In the fall of 2013, Marc Magnus-Sharpe joined COE as only its fourth director. 2014 marked Cornell University’s sesquicentennial. COE expanded in many areas: Outdoor Odyssey led its largest class ever, CTLC  expanded Greek Leadership Academy to include 45 chapters, Cornell Tree Climbing Institute celebrated its 10-year anniversary, and Stand Up Paddle-boarding was added to the list of program activities. COE enrolled over 20,000 participants that year. In academic arenas, CTLC hired their first Academic and Long Term Programs Coordinator position. Internationally, COE led a trek in Nepal in November 2014, a Cornell Tree Climbing exploration to Madagascar in December 2015, and a trek to Costa Rica in the spring of 2016. Soon afterward, Karel Hilversum joined CTLC from his home in Puerto Rico, where he had created the leading experience-based teamwork and leadership development program on the island.
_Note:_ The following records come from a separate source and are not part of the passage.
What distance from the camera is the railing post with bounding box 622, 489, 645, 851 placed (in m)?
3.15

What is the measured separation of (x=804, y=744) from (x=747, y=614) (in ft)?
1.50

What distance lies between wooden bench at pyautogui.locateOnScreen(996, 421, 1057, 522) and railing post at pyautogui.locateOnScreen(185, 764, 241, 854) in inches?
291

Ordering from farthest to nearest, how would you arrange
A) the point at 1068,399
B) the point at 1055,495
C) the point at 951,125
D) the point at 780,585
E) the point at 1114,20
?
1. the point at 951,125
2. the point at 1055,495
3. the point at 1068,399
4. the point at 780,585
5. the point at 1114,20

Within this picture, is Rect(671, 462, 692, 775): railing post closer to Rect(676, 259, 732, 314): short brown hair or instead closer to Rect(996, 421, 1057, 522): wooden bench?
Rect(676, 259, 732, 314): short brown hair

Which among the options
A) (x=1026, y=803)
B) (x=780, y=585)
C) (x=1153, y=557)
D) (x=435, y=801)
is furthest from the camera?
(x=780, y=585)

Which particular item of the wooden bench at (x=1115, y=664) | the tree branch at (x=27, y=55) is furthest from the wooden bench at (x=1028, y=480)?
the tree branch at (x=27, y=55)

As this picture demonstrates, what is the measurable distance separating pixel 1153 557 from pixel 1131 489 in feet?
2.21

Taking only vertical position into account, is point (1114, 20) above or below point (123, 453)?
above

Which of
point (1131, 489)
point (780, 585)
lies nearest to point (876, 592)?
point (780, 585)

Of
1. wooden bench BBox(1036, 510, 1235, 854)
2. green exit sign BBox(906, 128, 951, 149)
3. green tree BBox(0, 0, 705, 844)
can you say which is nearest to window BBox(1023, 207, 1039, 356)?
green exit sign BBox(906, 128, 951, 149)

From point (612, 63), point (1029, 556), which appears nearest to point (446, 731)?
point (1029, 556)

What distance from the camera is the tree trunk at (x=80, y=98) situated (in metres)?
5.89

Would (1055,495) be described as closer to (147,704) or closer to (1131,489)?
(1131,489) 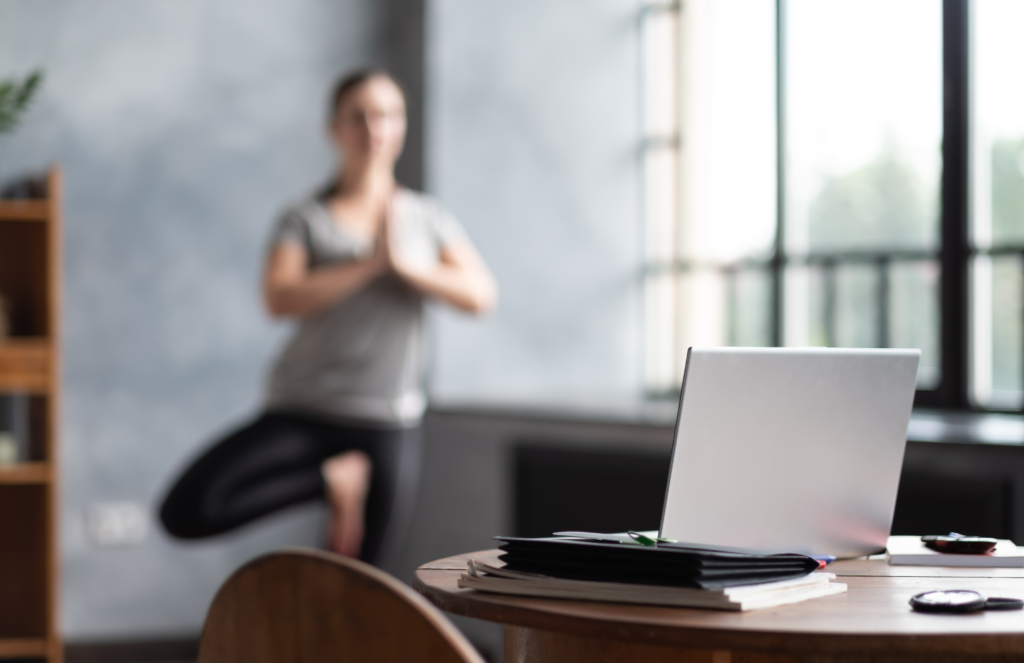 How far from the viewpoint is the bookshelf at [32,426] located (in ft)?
11.0

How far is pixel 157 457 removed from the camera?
3943 millimetres

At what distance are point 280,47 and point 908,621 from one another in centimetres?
367

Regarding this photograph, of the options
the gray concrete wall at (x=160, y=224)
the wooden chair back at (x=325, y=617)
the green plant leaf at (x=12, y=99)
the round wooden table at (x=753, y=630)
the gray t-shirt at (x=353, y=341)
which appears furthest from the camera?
the gray concrete wall at (x=160, y=224)

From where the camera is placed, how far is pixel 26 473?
3.36 m

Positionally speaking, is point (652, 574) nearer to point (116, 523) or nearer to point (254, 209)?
point (116, 523)

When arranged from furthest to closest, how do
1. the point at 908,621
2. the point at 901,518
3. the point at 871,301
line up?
the point at 871,301 → the point at 901,518 → the point at 908,621

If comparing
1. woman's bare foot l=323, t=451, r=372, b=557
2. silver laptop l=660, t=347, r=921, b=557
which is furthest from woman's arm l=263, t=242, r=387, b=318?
silver laptop l=660, t=347, r=921, b=557

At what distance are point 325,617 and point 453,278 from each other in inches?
88.5

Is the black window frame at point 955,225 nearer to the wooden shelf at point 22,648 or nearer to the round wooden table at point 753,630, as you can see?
the round wooden table at point 753,630

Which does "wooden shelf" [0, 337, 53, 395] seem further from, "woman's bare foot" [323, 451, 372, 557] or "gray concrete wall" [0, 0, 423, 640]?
"woman's bare foot" [323, 451, 372, 557]

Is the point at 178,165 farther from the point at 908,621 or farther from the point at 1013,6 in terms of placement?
the point at 908,621

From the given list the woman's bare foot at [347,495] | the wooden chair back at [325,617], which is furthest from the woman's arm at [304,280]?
the wooden chair back at [325,617]

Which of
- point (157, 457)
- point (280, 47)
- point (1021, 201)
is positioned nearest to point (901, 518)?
point (1021, 201)

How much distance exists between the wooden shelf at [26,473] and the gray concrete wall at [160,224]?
458mm
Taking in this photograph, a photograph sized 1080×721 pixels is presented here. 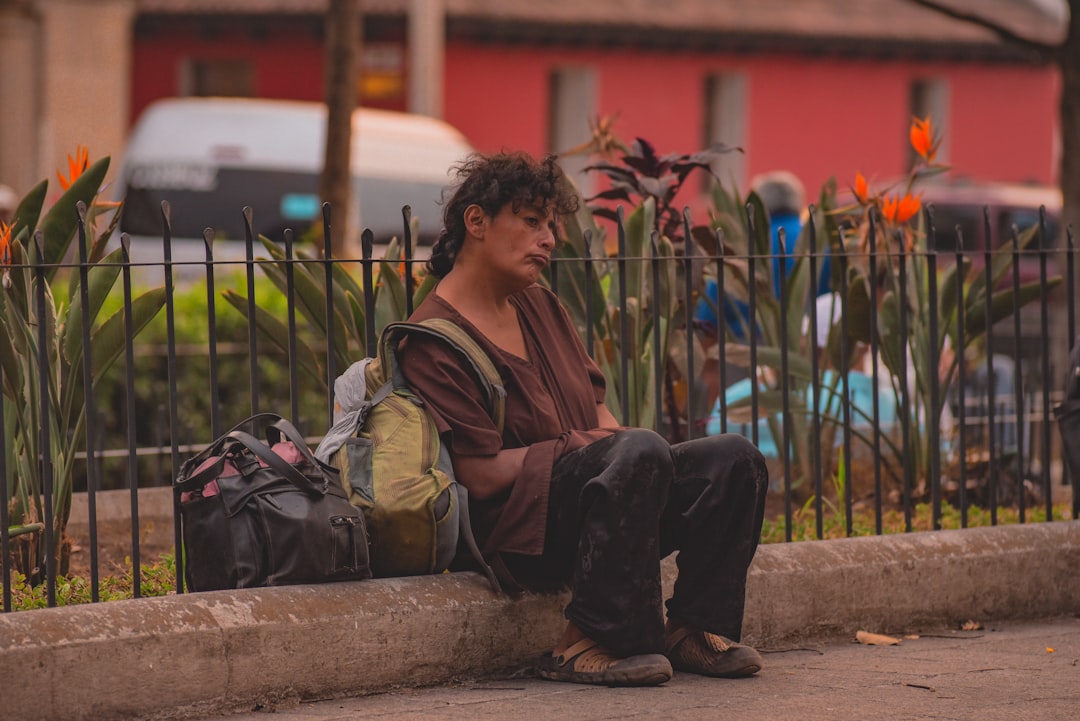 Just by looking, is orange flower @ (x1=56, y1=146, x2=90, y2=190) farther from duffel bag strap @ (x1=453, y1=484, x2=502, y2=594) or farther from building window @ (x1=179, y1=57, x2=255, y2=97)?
building window @ (x1=179, y1=57, x2=255, y2=97)

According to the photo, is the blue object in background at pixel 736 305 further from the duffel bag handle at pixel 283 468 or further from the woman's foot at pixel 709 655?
the duffel bag handle at pixel 283 468

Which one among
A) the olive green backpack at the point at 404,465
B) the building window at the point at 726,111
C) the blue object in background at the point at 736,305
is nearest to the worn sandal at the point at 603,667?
the olive green backpack at the point at 404,465

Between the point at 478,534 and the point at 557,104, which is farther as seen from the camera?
the point at 557,104

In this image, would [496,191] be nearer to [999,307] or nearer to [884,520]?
[884,520]

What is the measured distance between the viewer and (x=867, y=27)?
2661 centimetres

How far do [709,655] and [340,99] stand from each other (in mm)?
5219

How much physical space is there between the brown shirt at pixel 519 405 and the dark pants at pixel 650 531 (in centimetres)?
7

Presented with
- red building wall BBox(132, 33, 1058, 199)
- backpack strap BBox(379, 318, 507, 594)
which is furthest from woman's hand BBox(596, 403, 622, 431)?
red building wall BBox(132, 33, 1058, 199)

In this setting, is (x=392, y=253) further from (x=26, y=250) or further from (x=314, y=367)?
(x=26, y=250)

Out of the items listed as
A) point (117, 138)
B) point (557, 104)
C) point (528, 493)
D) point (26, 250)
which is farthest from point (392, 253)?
point (557, 104)

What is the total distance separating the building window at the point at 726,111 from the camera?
86.9 ft

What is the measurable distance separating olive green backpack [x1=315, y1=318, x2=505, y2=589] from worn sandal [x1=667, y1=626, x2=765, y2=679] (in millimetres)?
491

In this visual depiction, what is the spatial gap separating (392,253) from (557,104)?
20113 millimetres

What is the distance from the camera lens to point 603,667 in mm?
4590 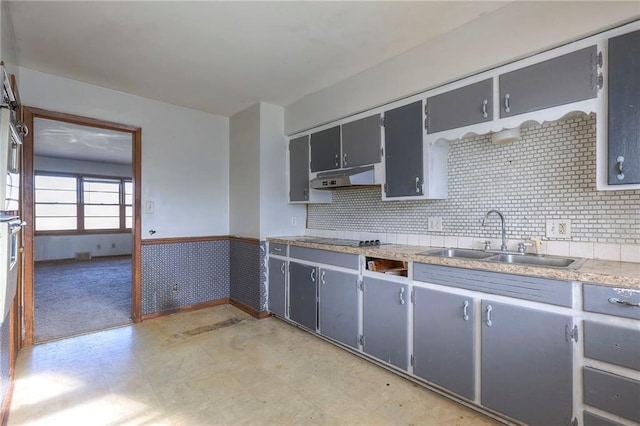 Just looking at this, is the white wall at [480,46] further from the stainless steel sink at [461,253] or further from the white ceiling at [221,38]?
the stainless steel sink at [461,253]

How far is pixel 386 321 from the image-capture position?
7.75ft

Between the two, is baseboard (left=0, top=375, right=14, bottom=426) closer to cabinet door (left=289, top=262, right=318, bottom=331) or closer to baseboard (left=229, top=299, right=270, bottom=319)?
baseboard (left=229, top=299, right=270, bottom=319)

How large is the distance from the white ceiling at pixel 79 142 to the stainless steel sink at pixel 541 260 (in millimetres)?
5030

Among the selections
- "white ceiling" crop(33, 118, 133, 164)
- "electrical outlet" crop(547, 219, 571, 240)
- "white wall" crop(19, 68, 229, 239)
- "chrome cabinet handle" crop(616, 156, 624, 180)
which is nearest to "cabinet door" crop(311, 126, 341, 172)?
"white wall" crop(19, 68, 229, 239)

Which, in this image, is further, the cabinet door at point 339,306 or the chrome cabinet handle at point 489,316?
the cabinet door at point 339,306

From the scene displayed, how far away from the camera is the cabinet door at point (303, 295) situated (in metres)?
3.00

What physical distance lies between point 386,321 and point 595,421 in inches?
47.4

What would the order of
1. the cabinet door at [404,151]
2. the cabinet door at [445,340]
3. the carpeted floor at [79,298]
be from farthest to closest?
the carpeted floor at [79,298]
the cabinet door at [404,151]
the cabinet door at [445,340]

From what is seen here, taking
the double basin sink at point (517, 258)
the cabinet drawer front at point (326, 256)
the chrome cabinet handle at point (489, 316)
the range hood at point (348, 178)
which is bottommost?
the chrome cabinet handle at point (489, 316)

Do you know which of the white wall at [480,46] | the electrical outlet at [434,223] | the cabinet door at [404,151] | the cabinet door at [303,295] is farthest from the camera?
the cabinet door at [303,295]

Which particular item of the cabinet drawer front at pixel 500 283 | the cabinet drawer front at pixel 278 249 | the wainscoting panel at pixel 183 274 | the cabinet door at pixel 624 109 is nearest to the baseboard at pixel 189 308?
the wainscoting panel at pixel 183 274

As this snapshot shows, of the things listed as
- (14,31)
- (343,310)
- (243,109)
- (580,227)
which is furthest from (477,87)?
(14,31)

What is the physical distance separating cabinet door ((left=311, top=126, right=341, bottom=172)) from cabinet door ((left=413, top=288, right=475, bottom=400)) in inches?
62.3

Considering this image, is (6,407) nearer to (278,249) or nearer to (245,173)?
(278,249) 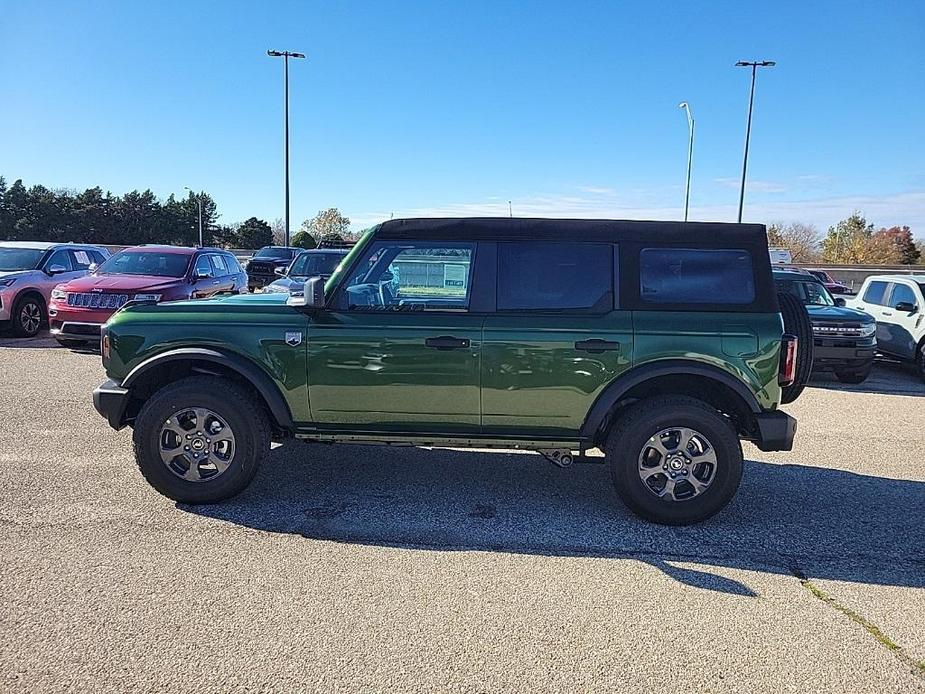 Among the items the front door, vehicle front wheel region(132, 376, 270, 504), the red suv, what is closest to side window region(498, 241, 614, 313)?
the front door

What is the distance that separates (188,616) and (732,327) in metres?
3.45

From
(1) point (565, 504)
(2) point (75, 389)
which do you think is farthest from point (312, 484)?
(2) point (75, 389)

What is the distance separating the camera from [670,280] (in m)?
4.46

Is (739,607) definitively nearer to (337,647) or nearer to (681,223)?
(337,647)

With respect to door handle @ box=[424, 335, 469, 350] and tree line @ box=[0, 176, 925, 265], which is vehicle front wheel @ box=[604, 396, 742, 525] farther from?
tree line @ box=[0, 176, 925, 265]

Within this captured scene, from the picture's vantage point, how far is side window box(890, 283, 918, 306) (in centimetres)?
1096

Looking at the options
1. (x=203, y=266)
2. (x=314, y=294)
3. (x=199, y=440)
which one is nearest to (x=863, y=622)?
(x=314, y=294)

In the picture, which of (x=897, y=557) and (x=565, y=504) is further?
(x=565, y=504)

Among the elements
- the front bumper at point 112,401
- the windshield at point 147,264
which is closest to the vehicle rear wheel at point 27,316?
the windshield at point 147,264

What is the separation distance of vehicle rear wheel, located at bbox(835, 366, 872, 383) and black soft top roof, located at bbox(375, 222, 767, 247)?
647 centimetres

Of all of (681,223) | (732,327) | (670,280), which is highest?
(681,223)

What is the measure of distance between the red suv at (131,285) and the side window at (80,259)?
2.35 meters

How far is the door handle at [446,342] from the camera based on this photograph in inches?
171

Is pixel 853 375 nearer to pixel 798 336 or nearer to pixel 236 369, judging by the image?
pixel 798 336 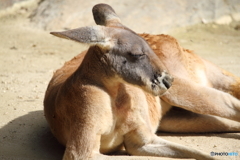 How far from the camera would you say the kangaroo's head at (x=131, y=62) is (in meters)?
4.01

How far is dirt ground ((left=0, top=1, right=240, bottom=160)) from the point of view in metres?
4.88

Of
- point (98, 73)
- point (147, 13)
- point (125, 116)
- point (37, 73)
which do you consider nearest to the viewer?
point (98, 73)

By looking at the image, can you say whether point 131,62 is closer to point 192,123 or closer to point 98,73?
point 98,73

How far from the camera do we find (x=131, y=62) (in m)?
4.05

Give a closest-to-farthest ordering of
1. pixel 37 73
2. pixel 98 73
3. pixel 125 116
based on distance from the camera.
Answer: pixel 98 73 → pixel 125 116 → pixel 37 73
Following Amy Kohut’s departure, Karel became the new Dan Tillemans Director of the Cornell Team and Leadership Center.

In the fall of 2016 Advisory Board Co-Chairs, Scott Sklar and Ellen Tohn, led the effort to modernize our indoor climbing facilities. The Lindseth Climbing Wall, although innovative at the time of its creation, had been left behind by the modern climbing wall industry. After considering many possible locations, our best option seemed to be building the new wall on top of the old one. But there was a catch. In order to build the new wall, we would need to expand the climbing wall footprint into the Ramin Room, a multi-purpose indoor space used by many sports teams. Marc Magnus-Sharpe convinced Director of Athletics and Physical Education, Andy Noel, to provide additional space in the Ramin Room to be used for the larger climbing wall footprint, and the project was begun. With lead donations from Jon Lindseth and Scott Sklar, a new state of the art climbing wall was constructed over the old wall. The new wall features bolt-on holds, tope rope and lead climbing, and a dedicated bouldering area. Participation at the climbing wall tripled, and pushed the overall number of program days to 60,000.